Set other Options: Once the source document has been opened, set any other desired options. Most options will be set at this time and are identified by requiring a VTHDOC handle type.
Open a Handle to Content Access: Using the document handle, CAOpenContent is called to obtain a content handle that identifies the file to the Content Access module. This handle will used in all subsequent calls to the Content Access functions.
Retrieve the first Information from the File: Call CAReadFirst to read the first piece of information from the file. Note: this step may be repeated to reread the file.
Retrieve other Information from the File: Repeatedly call CAReadNext, which will iteratively read through and process the file.
Process sub-documents (Optional): When you encounter a sub-document, you may process that sub-document by repeating steps 4-11. Sub-documents are identified by either the SCCCA_OBJECT type or the SCCCA_LINKEDOBJECT subtype of the SCCCA_BEGINTAG type. Note: the document handle and content handle will be different for the parent and sub-document.
Close the Content Access Handle: Call CACloseContent to terminate the content access for the file. After this function is called, the content handle will no longer be valid, but the document handle may still be used.
Close the Source File: DACloseDocument is called to close the source file. After calling this function, the document handle will no longer be valid.
De-initialize DA: DADeInit is called to de-initialize the Data Access technology.
Here's a step-by-step overview of how to obtain information from a source file using Text Access.
Initialize Threading (Optional): Call DAThreadInit if running in multiple threads.
Initialize DA: Call DAInit to initialize the Data Access technology. This function needs to be called only once per application.
Set "Null" options: Certain options need to be set before the desired source file is opened. These options are identified by requiring a NULL handle type. They include, but aren't limited to:
SCCOPT_FALLBACKFORMAT
SCCOPT_FIFLAGS
SCCOPT_TEMPDIR
Open the Source File: DAOpenDocument is called to create a document handle that uniquely identifies the source file. This handle may be used in subsequent calls to the TAOpenText function or the open function of any other Data Access Submodule, and will be used to close the file when access is complete. This allows the file to be accessed from multiple Data Access Submodules without reopening.
Set other Options: Once the source document has been opened, set any other desired options. Most options will be set at this time and are identified by requiring a VTHDOC handle type.
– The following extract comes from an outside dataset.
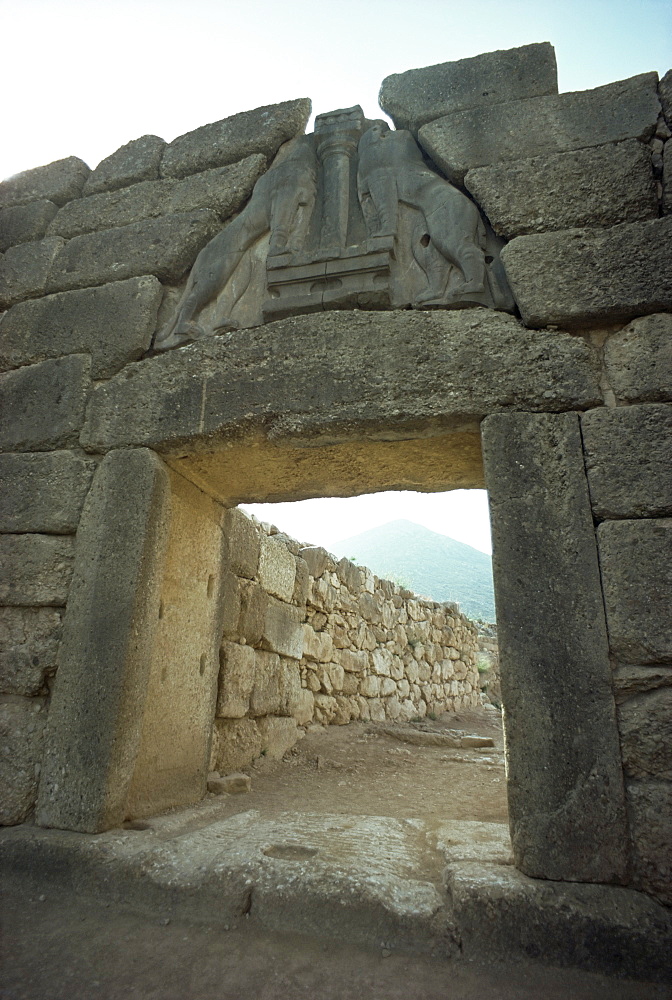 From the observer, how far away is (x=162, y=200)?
11.1 ft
Open a Handle to Text Access: Using the document handle, TAOpenContent is called to obtain a content handle that identifies the file to the Text Access module. This handle will used in all subsequent calls to the Text Access functions.
Retrieve the first Information from the File: Call TAReadFirst to read the first piece of information from the file. Note: this step may be repeated to reread the file.
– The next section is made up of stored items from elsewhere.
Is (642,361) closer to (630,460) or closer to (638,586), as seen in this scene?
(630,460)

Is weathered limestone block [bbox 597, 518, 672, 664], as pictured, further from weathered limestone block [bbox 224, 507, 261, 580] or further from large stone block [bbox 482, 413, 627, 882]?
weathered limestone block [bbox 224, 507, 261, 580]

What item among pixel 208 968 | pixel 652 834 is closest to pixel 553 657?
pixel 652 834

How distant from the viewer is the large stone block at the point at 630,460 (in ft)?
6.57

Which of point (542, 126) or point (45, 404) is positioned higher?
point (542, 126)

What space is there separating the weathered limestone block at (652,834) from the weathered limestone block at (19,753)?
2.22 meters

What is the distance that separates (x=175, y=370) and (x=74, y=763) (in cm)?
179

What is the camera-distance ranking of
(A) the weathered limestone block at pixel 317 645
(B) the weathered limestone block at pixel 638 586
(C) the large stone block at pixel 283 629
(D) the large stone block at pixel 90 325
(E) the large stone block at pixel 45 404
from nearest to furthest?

Retrieve other Information from the File: Repeatedly call TAReadNext, which will iteratively read through and process the file.
Close the Text Access Handle: Call TACloseText to terminate the text access for the file. After this function is called, the text handle will no longer be valid, but the document handle may still be used.
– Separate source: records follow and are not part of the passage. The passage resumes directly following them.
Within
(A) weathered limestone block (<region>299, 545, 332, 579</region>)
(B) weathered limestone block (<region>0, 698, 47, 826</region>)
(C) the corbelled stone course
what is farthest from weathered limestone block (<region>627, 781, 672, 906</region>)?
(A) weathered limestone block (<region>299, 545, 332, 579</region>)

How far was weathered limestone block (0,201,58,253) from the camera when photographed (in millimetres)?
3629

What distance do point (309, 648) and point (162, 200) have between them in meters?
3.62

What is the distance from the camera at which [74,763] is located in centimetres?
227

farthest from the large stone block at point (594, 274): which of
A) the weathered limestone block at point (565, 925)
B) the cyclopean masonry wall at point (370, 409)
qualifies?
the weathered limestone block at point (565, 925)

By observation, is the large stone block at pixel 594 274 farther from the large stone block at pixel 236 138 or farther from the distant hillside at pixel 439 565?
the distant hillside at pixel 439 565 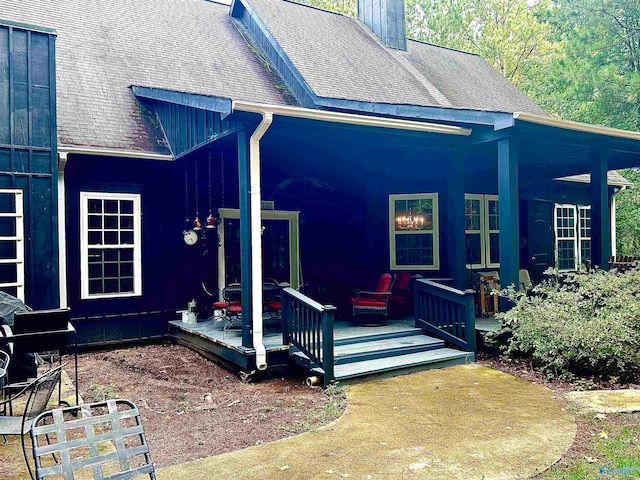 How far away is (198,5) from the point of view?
39.8 feet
Close the Source File: DACloseDocument is called to close the source file. After calling this function, the document handle will no longer be valid.
De-initialize DA: DADeInit is called to de-initialize the Data Access technology.
The following notice must be included in the documentation, help system, or About box of any software that uses any of Oracle's executable code:
Outside In Content Access © 1991, 2012 Oracle.
The following notice must be included in the documentation of any software that uses Oracle's TIF6 filter (this filter reads TIFF and JPEG formats):
The software is based in part on the work of the Independent JPEG Group.